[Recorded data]
----------

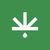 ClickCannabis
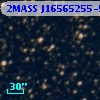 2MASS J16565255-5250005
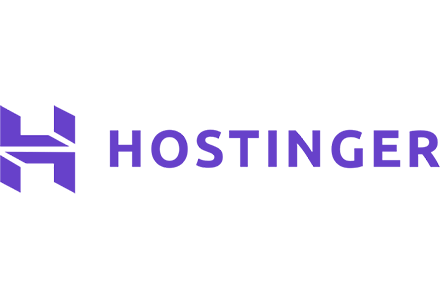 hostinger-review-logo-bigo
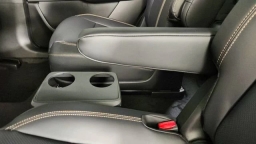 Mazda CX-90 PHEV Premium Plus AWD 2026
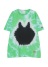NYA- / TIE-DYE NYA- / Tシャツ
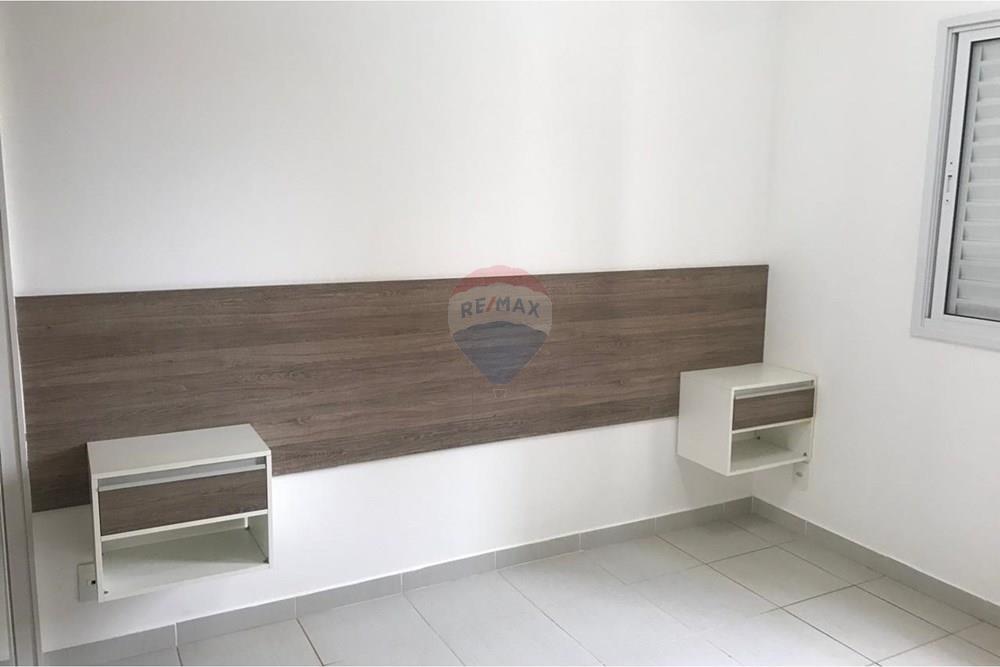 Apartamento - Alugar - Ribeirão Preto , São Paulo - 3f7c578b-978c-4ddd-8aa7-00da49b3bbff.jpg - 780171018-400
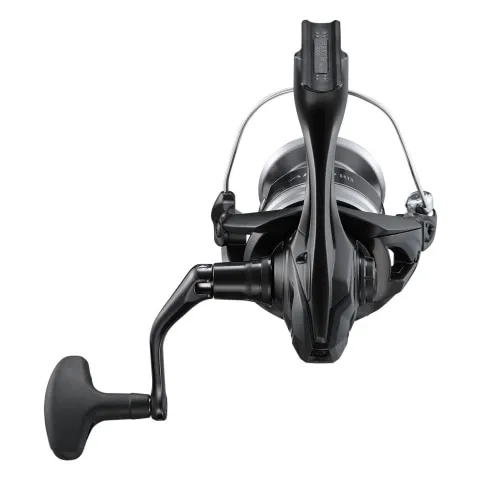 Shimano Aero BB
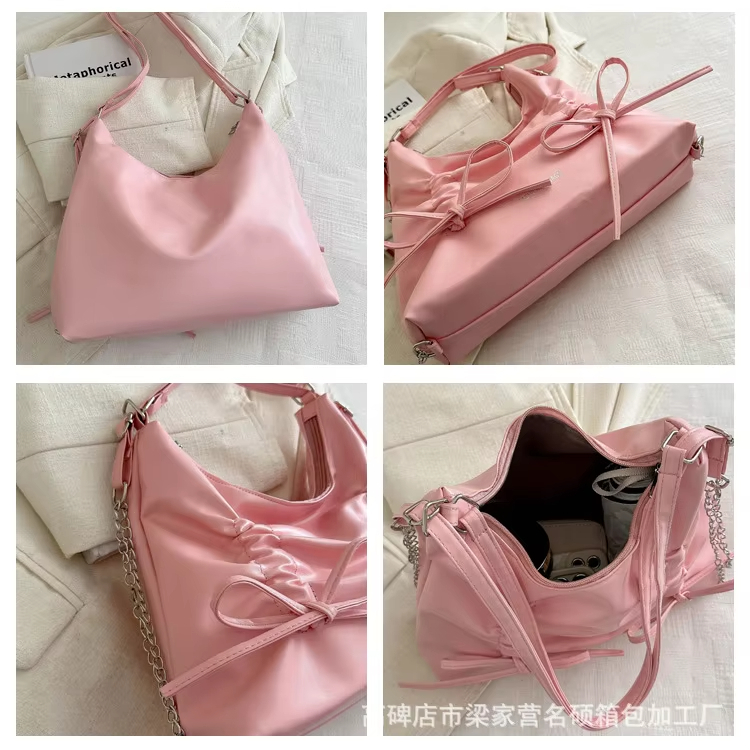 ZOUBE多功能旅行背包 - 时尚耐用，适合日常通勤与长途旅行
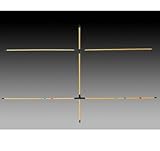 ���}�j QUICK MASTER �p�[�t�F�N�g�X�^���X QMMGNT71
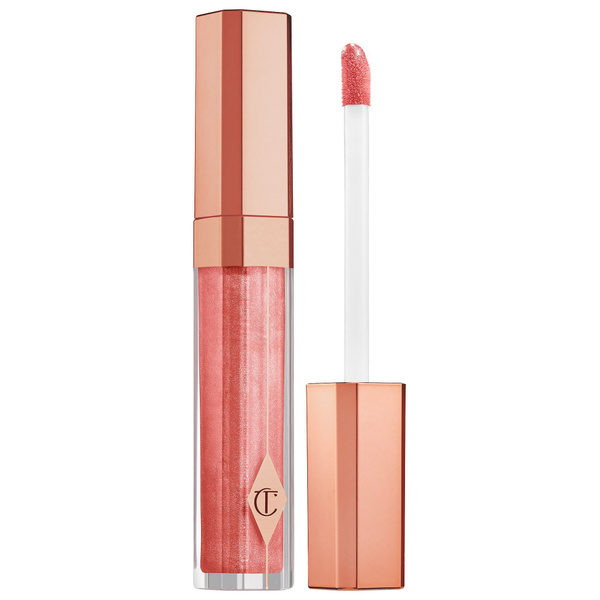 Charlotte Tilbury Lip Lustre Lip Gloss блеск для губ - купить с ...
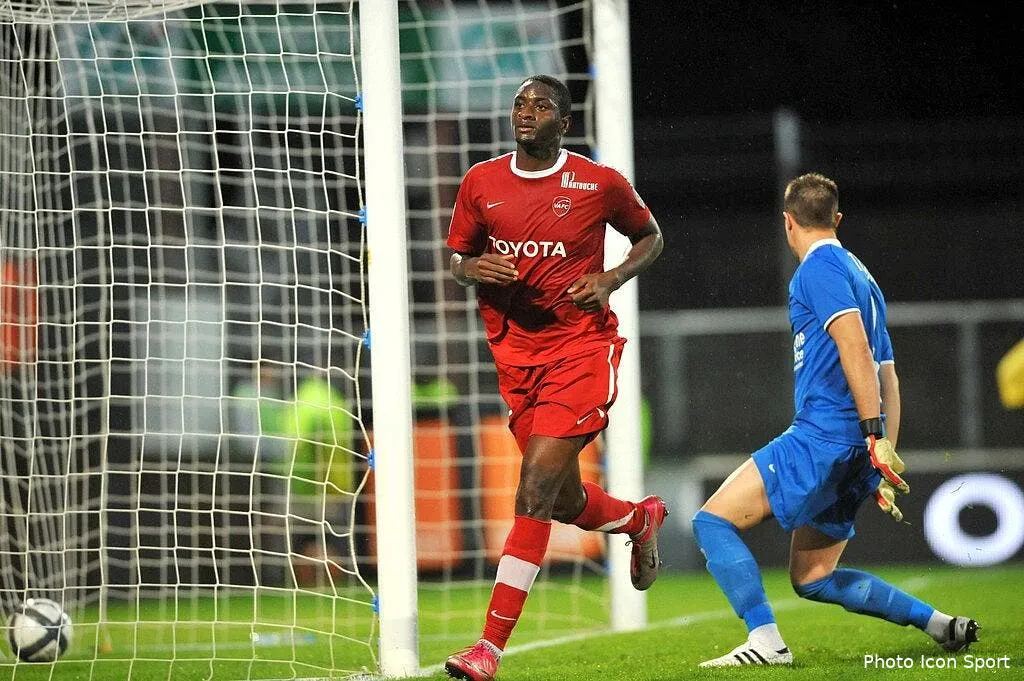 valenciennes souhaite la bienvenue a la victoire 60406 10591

----------

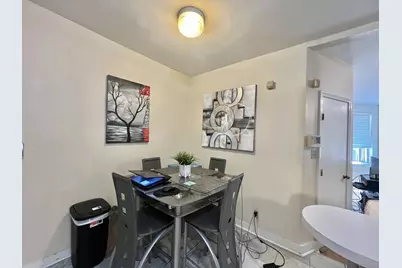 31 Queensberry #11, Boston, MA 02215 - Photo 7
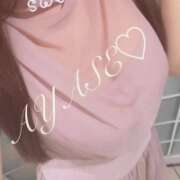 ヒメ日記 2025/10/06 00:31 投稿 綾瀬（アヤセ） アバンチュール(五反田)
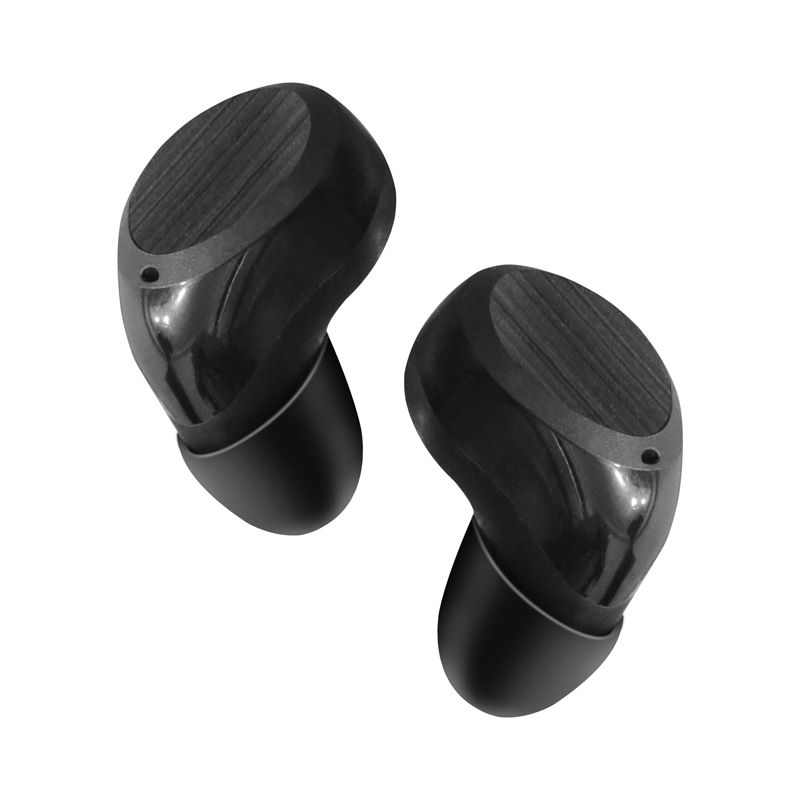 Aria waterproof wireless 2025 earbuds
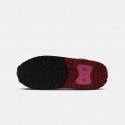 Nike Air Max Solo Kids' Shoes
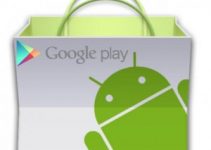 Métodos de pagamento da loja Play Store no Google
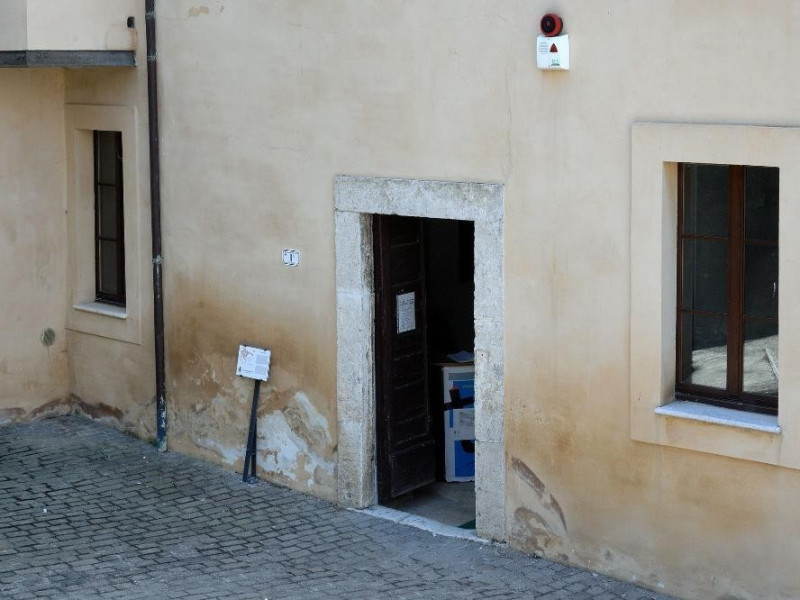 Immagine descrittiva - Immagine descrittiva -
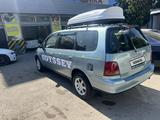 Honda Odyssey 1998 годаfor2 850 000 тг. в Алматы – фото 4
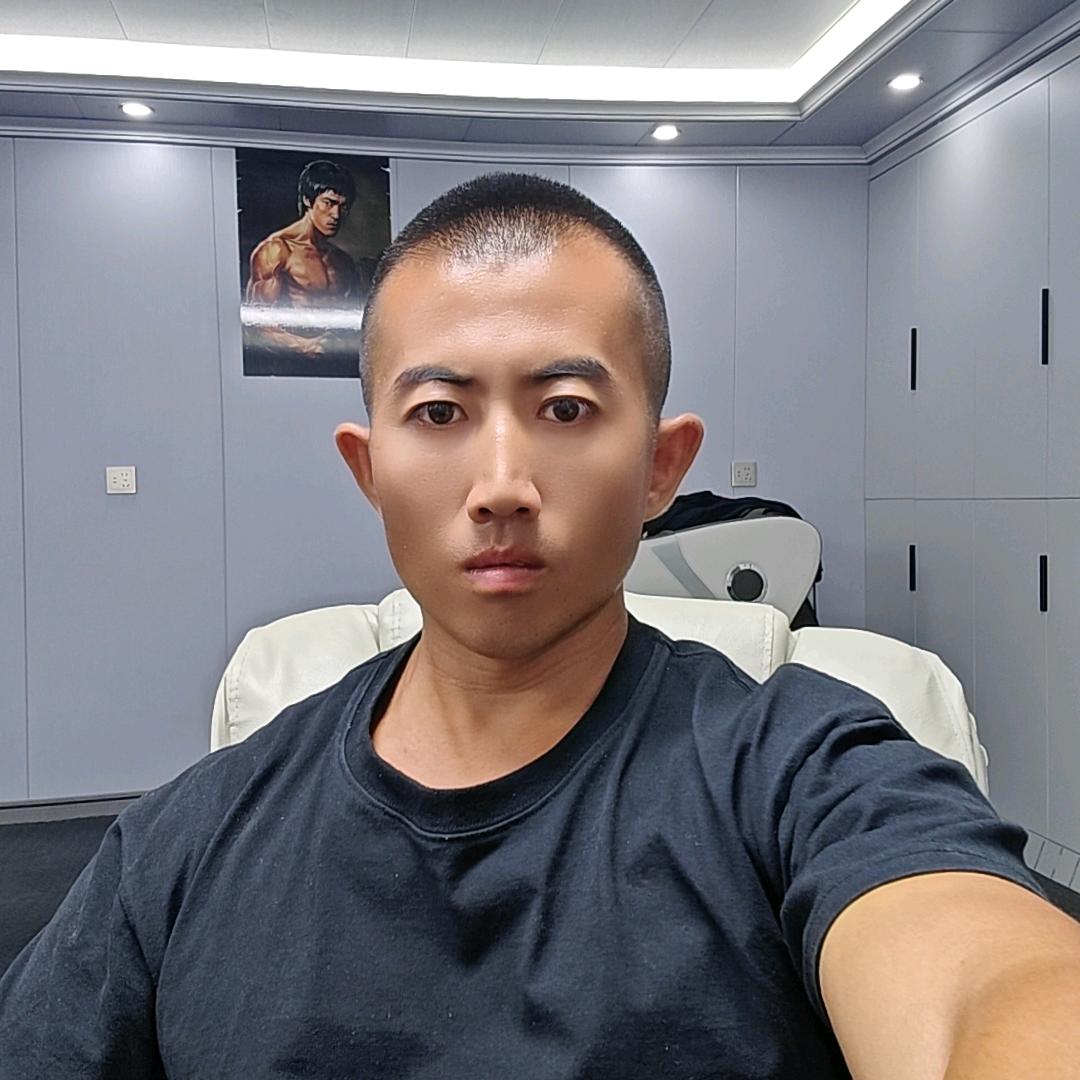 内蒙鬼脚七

----------

• WORK REQUEST
Write out, word for word, the stretch of entries that begins at the line with "ClickCannabis" and ends at the line with "valenciennes souhaite la". Pictures do not belong in it.

• WRITTEN RESPONSE
 ClickCannabis
 2MASS J16565255-5250005
 hostinger-review-logo-bigo
 Mazda CX-90 PHEV Premium Plus AWD 2026
NYA- / TIE-DYE NYA- / Tシャツ
 Apartamento - Alugar - Ribeirão Preto , São Paulo - 3f7c578b-978c-4ddd-8aa7-00da49b3bbff.jpg - 780171018-400
 Shimano Aero BB
 ZOUBE多功能旅行背包 - 时尚耐用，适合日常通勤与长途旅行
 ���}�j QUICK MASTER �p�[�t�F�N�g�X�^���X QMMGNT71
 Charlotte Tilbury Lip Lustre Lip Gloss блеск для губ - купить с ...
 valenciennes souhaite la bienvenue a la victoire 60406 10591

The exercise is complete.